Your goal: Exactly as written, retype the lines that run from the line holding "Used 2020 Chrysler 300 S RWD image 8" through the end of the records below. Do not include pictures.

---

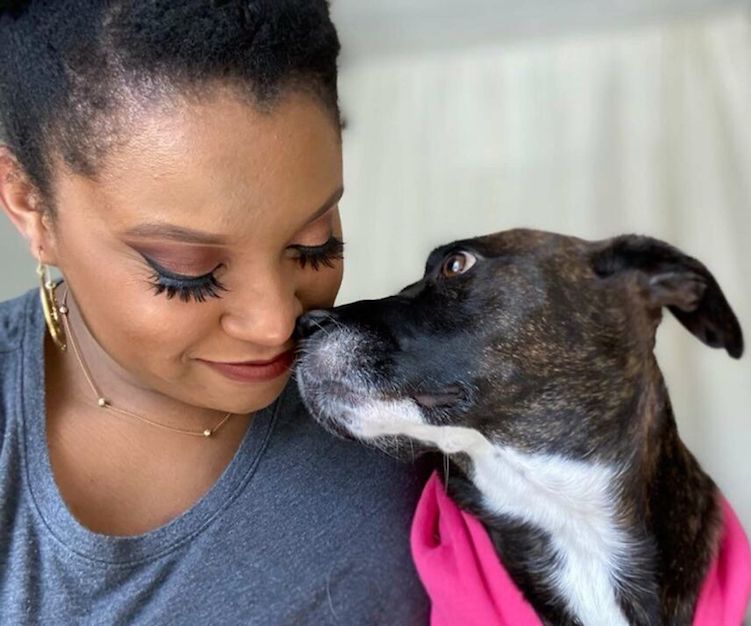 Mulher adota cachorrinha resgatada
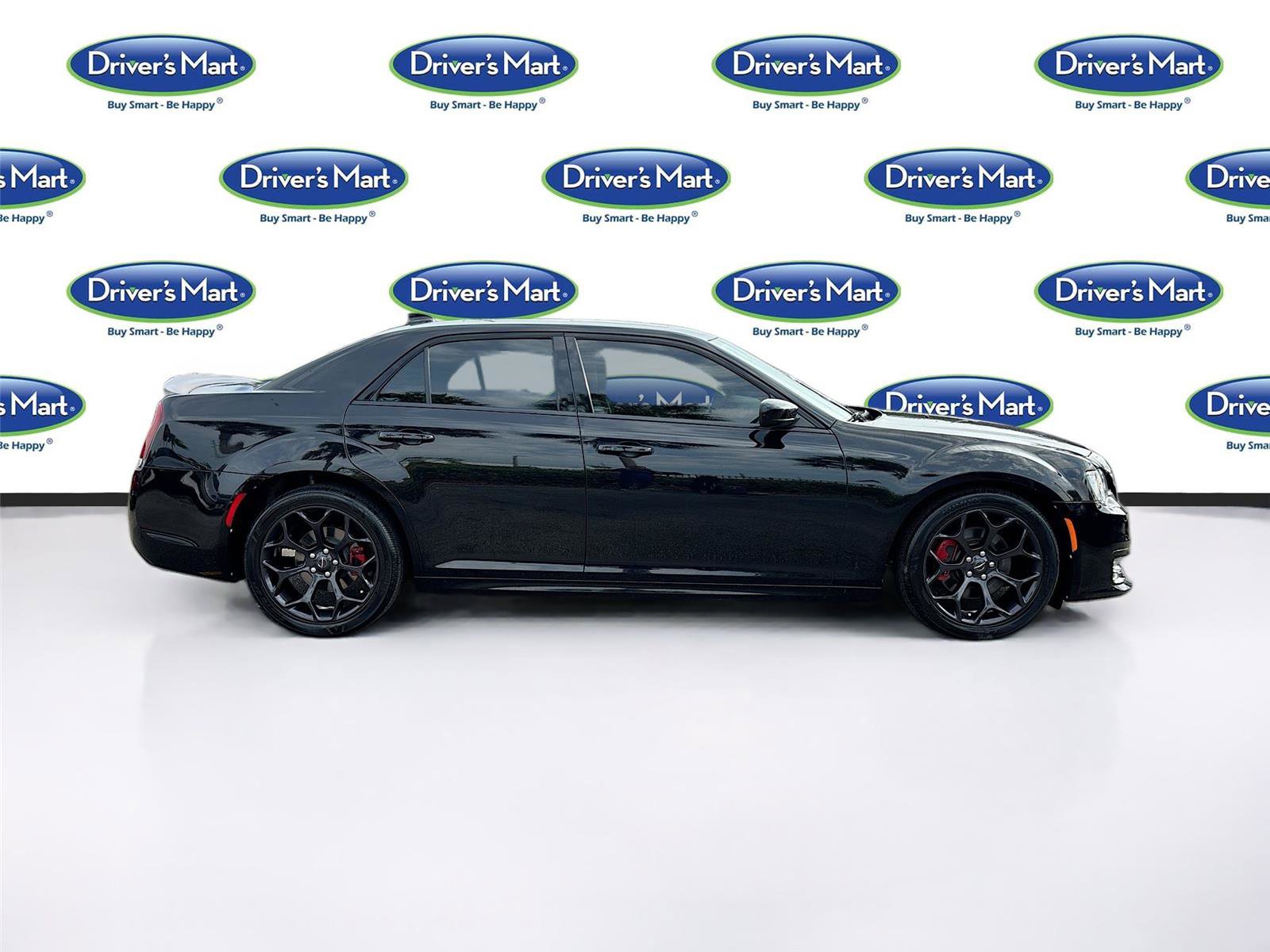 Used 2020 Chrysler 300 S RWD image 8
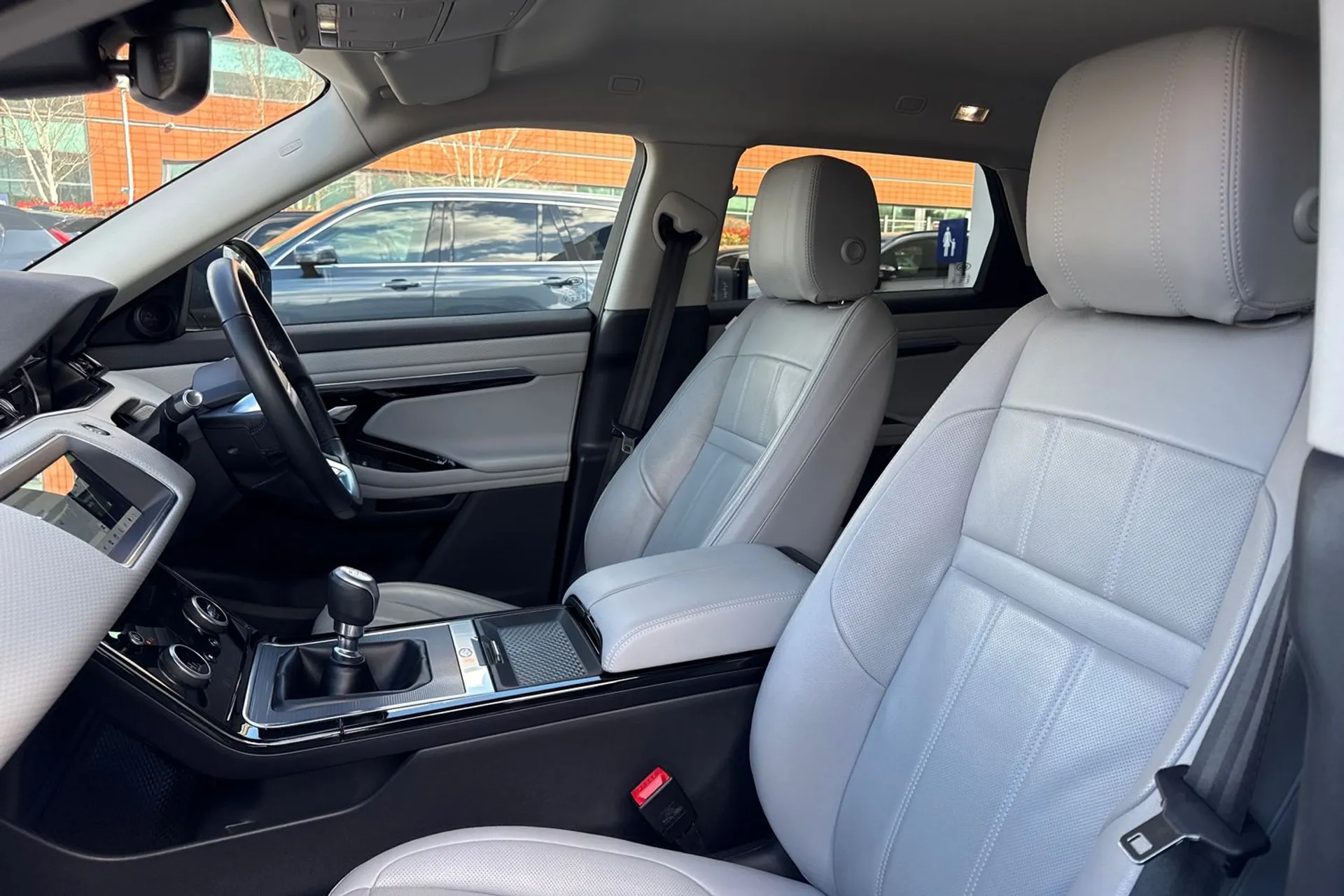 LAND ROVER RANGE ROVER EVOQUE thumbnail image number 28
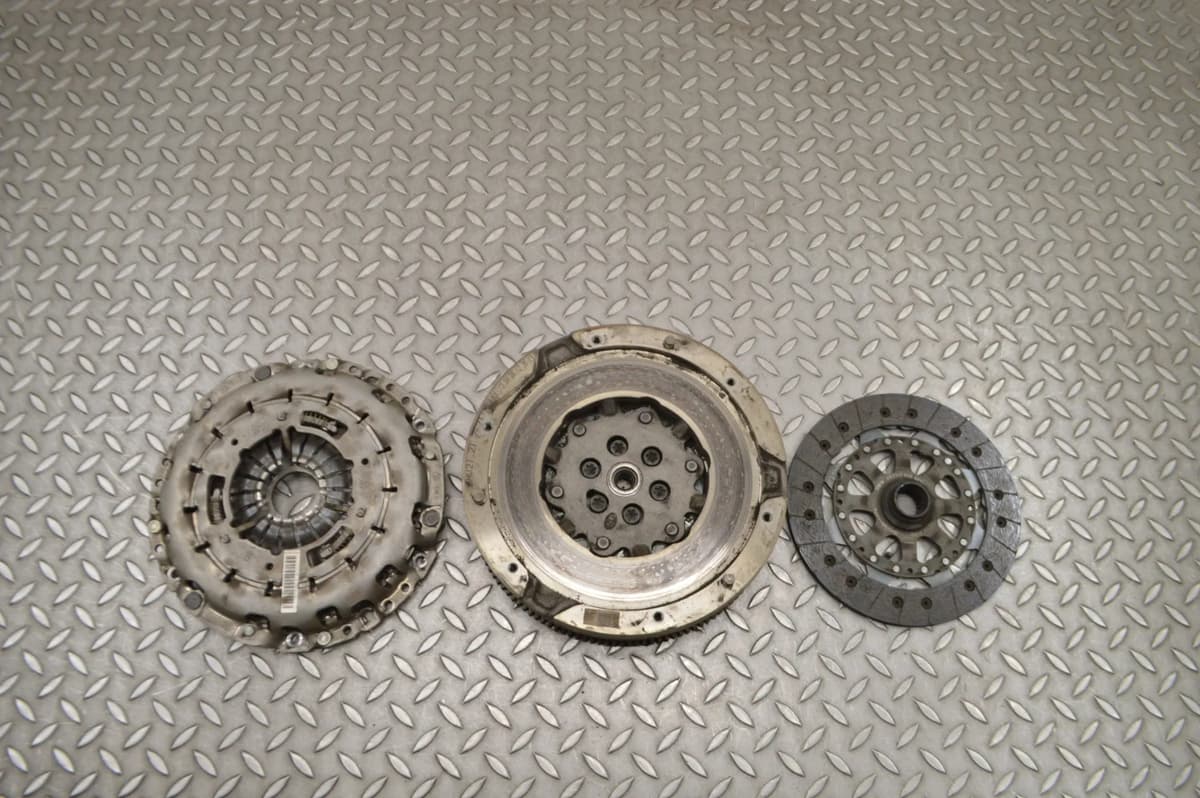BMW 1 F20 116i 2012 RHD Manual Clutch Kit Flywheel Disc 614325 7621180 14668239
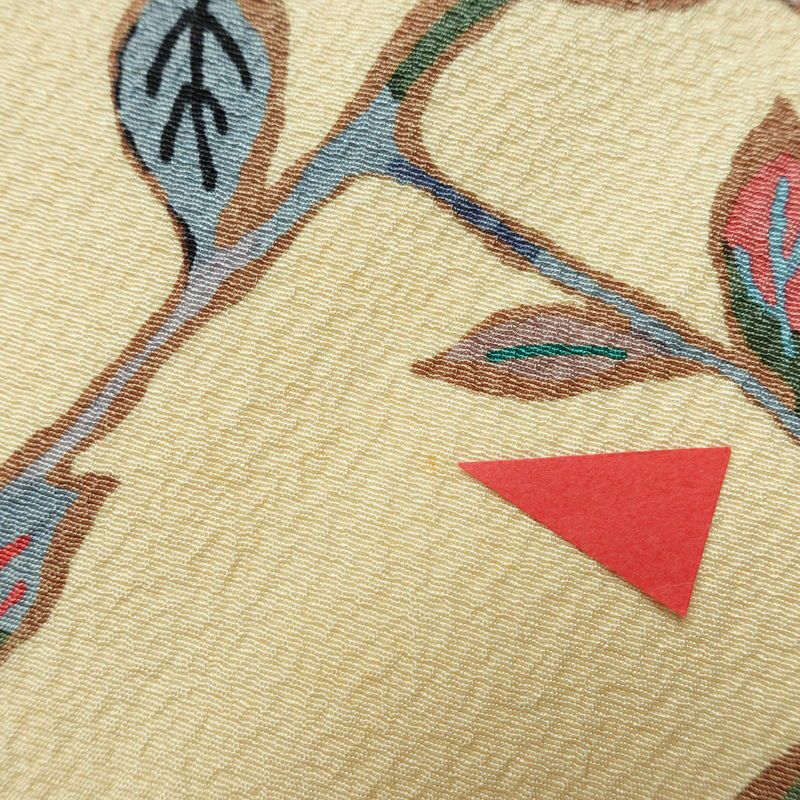 小紋 縮緬 総柄 正絹 木の葉・植物柄 袷仕立て 身丈157cm 裄丈65cm リサイクル着物 着物 ベージュ_画像20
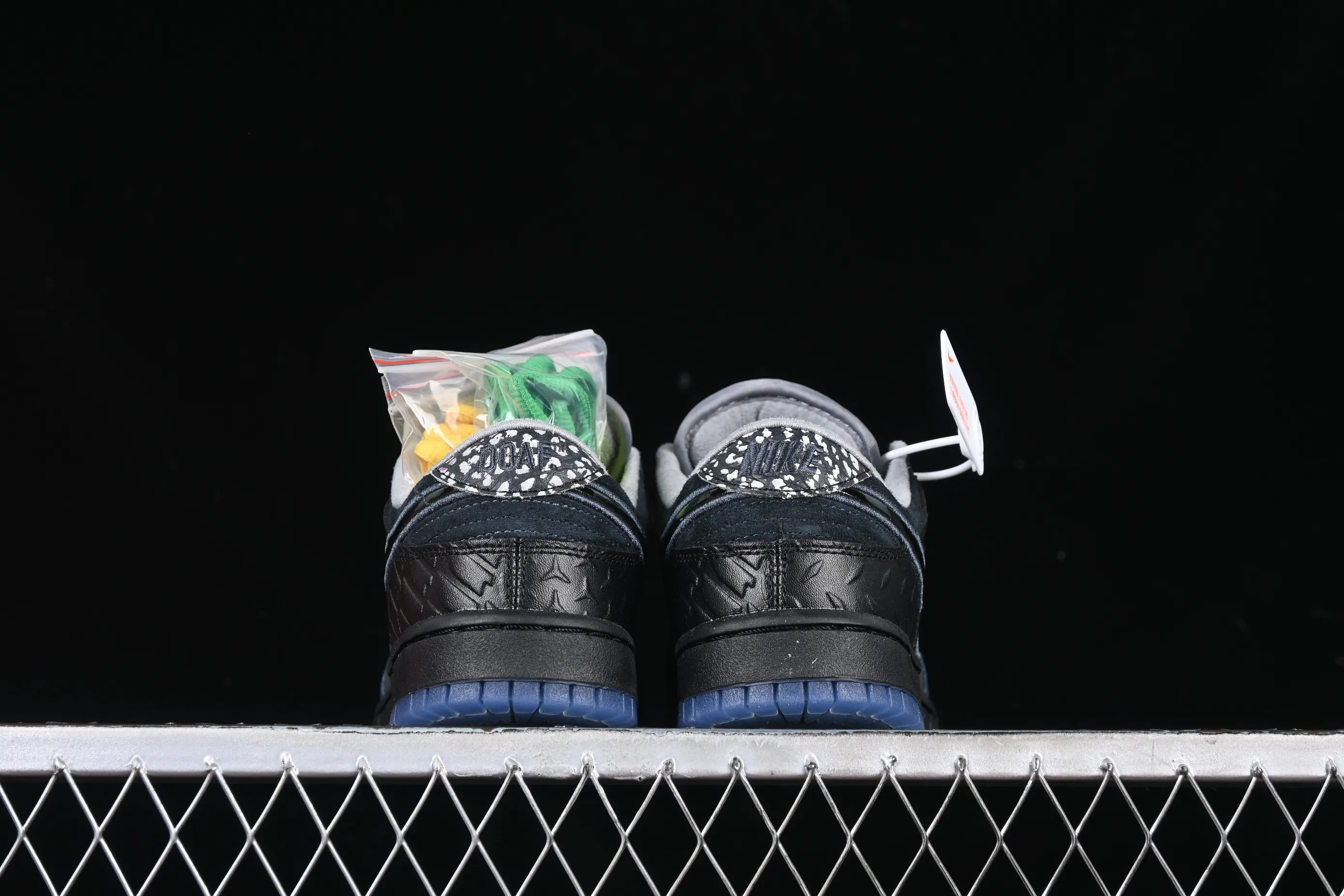 All categories Nk SB Dunk Series Nk SB Dunk Low low-top sneakers Division Street x Nk Dunk Low "Oregon Black" Oregon hidden color low-top casual sneakers HV1470-001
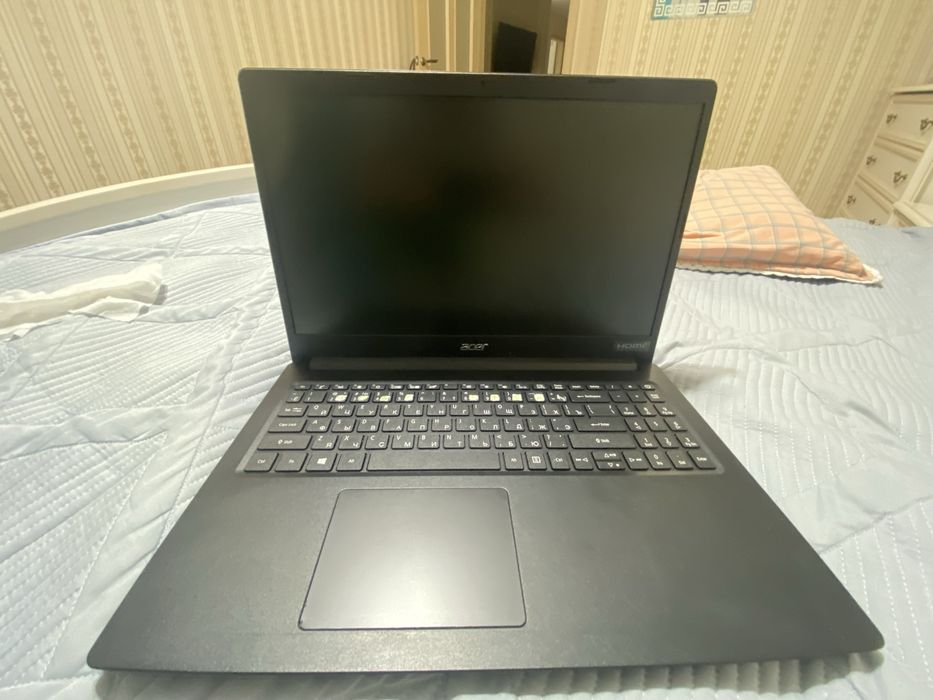 Компютер acer.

---

Solved exercise:
 Used 2020 Chrysler 300 S RWD image 8
 LAND ROVER RANGE ROVER EVOQUE thumbnail image number 28
BMW 1 F20 116i 2012 RHD Manual Clutch Kit Flywheel Disc 614325 7621180 14668239
 小紋 縮緬 総柄 正絹 木の葉・植物柄 袷仕立て 身丈157cm 裄丈65cm リサイクル着物 着物 ベージュ_画像20
 All categories Nk SB Dunk Series Nk SB Dunk Low low-top sneakers Division Street x Nk Dunk Low "Oregon Black" Oregon hidden color low-top casual sneakers HV1470-001
 Компютер acer.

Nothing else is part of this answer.